▶ [INSTRUCTIONS FOR THE TASK] In the entries that follow, repeat exactly the lines from the one that has "Toleware Vase" through the one that has "cheetah vector silhouette", but omit pictures.

▶ [SOURCE MATERIAL]

<<<<

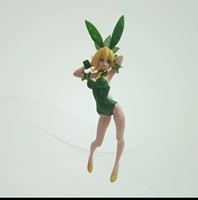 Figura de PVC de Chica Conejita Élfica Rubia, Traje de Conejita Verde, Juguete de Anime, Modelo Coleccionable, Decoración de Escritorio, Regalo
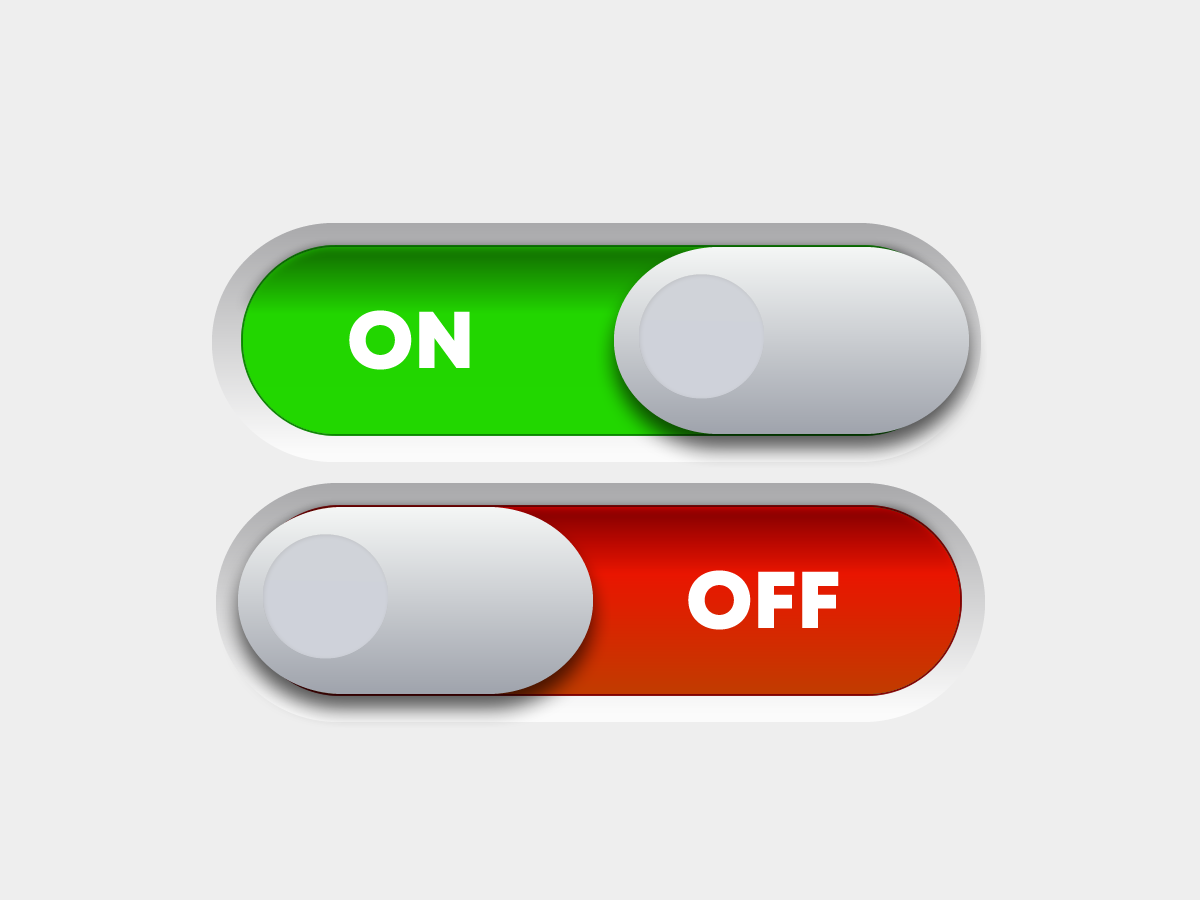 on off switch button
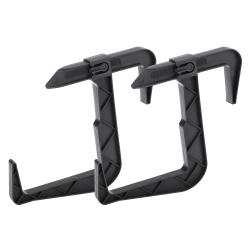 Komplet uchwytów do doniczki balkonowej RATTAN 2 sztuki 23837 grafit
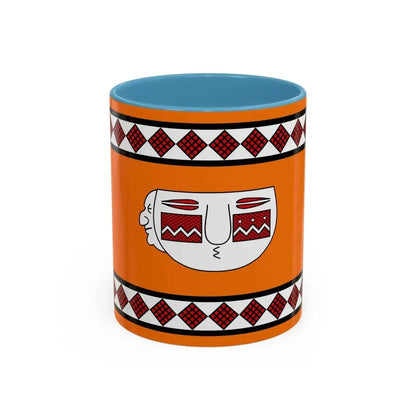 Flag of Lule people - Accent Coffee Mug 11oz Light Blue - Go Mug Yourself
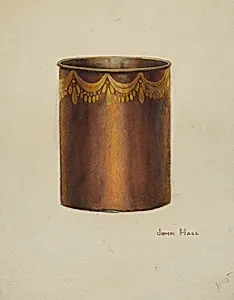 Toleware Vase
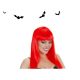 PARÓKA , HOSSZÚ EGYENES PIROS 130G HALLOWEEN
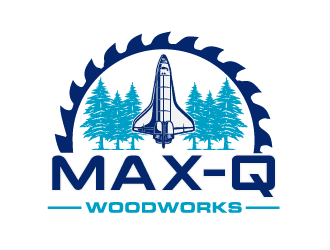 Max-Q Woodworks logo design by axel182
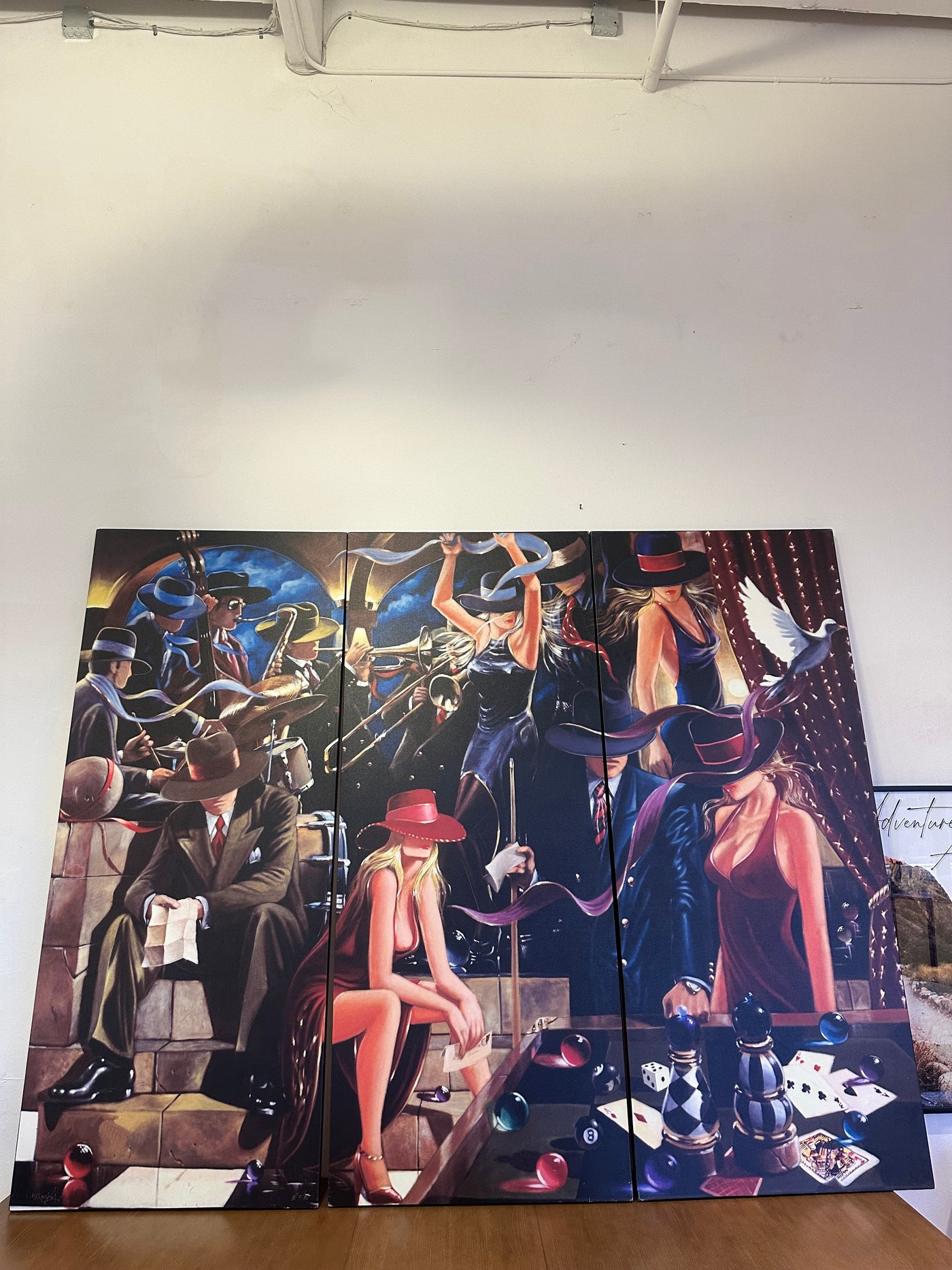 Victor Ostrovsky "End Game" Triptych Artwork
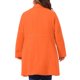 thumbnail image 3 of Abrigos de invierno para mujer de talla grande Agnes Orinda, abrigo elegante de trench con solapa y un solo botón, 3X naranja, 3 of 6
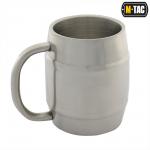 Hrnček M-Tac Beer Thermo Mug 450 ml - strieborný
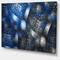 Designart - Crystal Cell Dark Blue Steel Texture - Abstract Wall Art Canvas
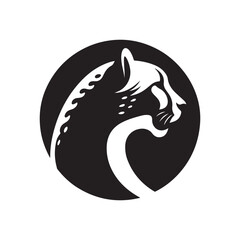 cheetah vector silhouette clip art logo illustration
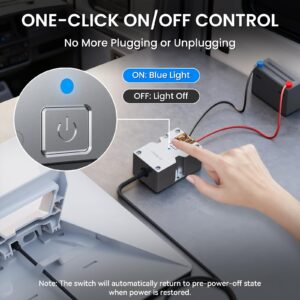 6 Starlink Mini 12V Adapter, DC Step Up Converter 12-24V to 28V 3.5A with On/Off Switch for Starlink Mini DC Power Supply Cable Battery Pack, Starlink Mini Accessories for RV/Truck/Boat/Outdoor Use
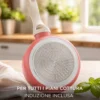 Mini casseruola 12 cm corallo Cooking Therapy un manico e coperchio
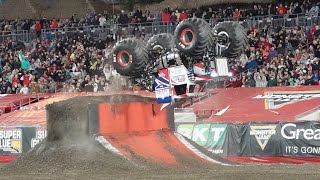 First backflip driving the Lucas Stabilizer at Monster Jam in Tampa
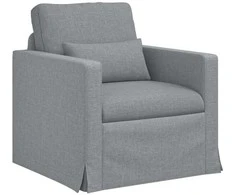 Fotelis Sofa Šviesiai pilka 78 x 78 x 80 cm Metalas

>>>>
<<<<

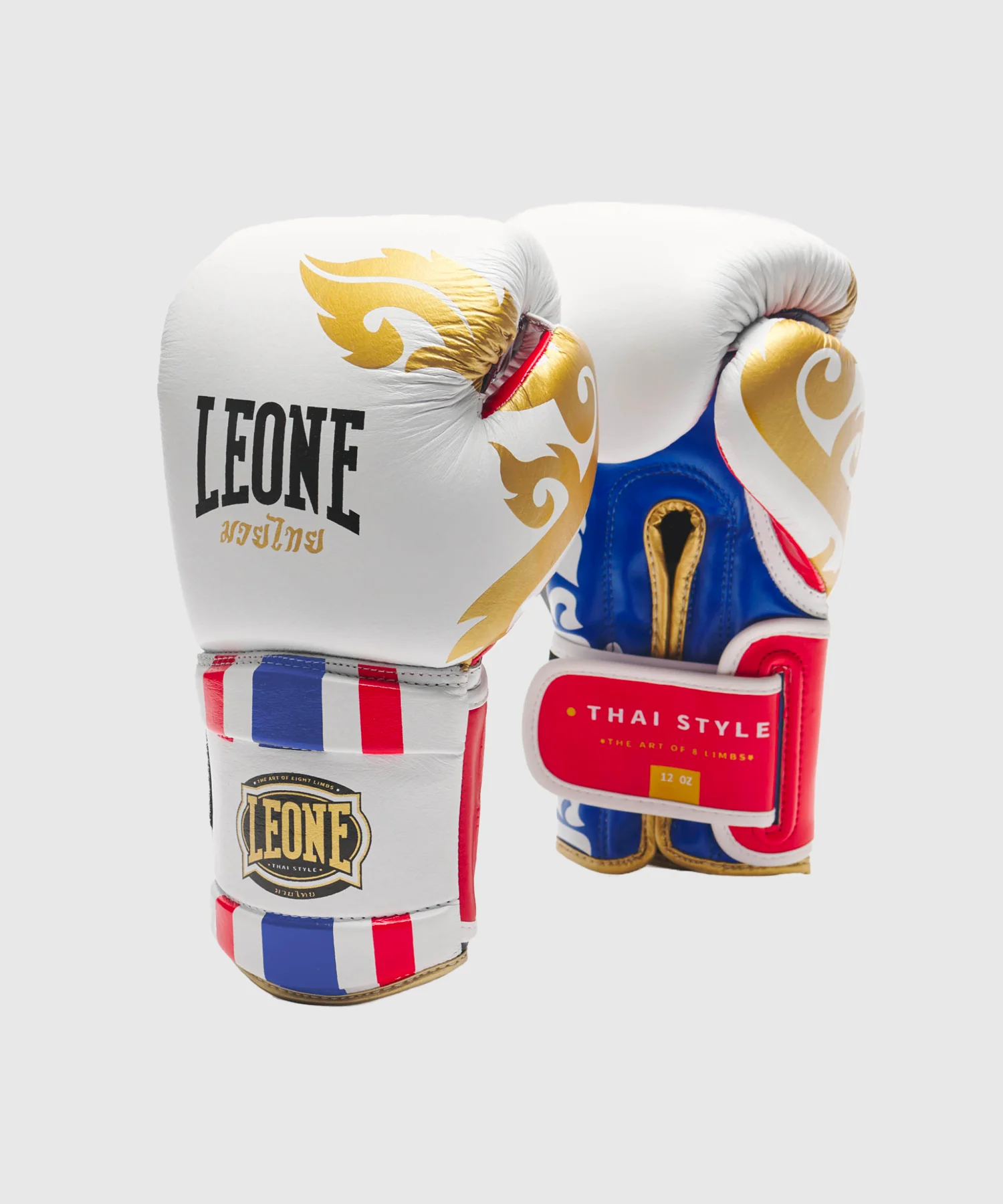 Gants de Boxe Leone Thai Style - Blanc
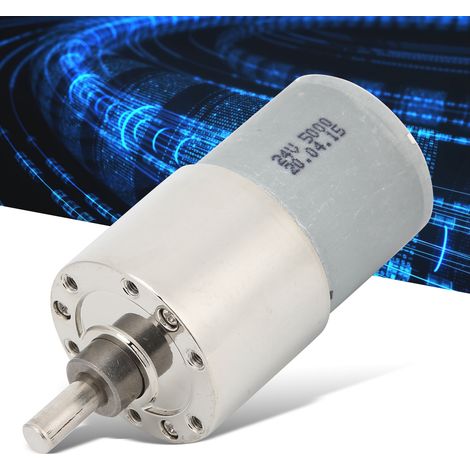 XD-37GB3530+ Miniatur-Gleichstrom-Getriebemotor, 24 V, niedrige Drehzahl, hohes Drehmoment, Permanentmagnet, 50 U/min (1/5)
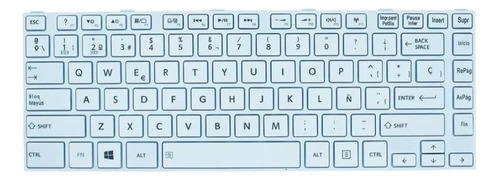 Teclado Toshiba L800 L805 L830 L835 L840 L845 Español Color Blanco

>>>>

▶ [TASK OUTPUT]
 Toleware Vase
 PARÓKA , HOSSZÚ EGYENES PIROS 130G HALLOWEEN
 Max-Q Woodworks logo design by axel182
 Victor Ostrovsky "End Game" Triptych Artwork
 thumbnail image 3 of Abrigos de invierno para mujer de talla grande Agnes Orinda, abrigo elegante de trench con solapa y un solo botón, 3X naranja, 3 of 6
 Hrnček M-Tac Beer Thermo Mug 450 ml - strieborný
 Designart - Crystal Cell Dark Blue Steel Texture - Abstract Wall Art Canvas
 cheetah vector silhouette clip art logo illustration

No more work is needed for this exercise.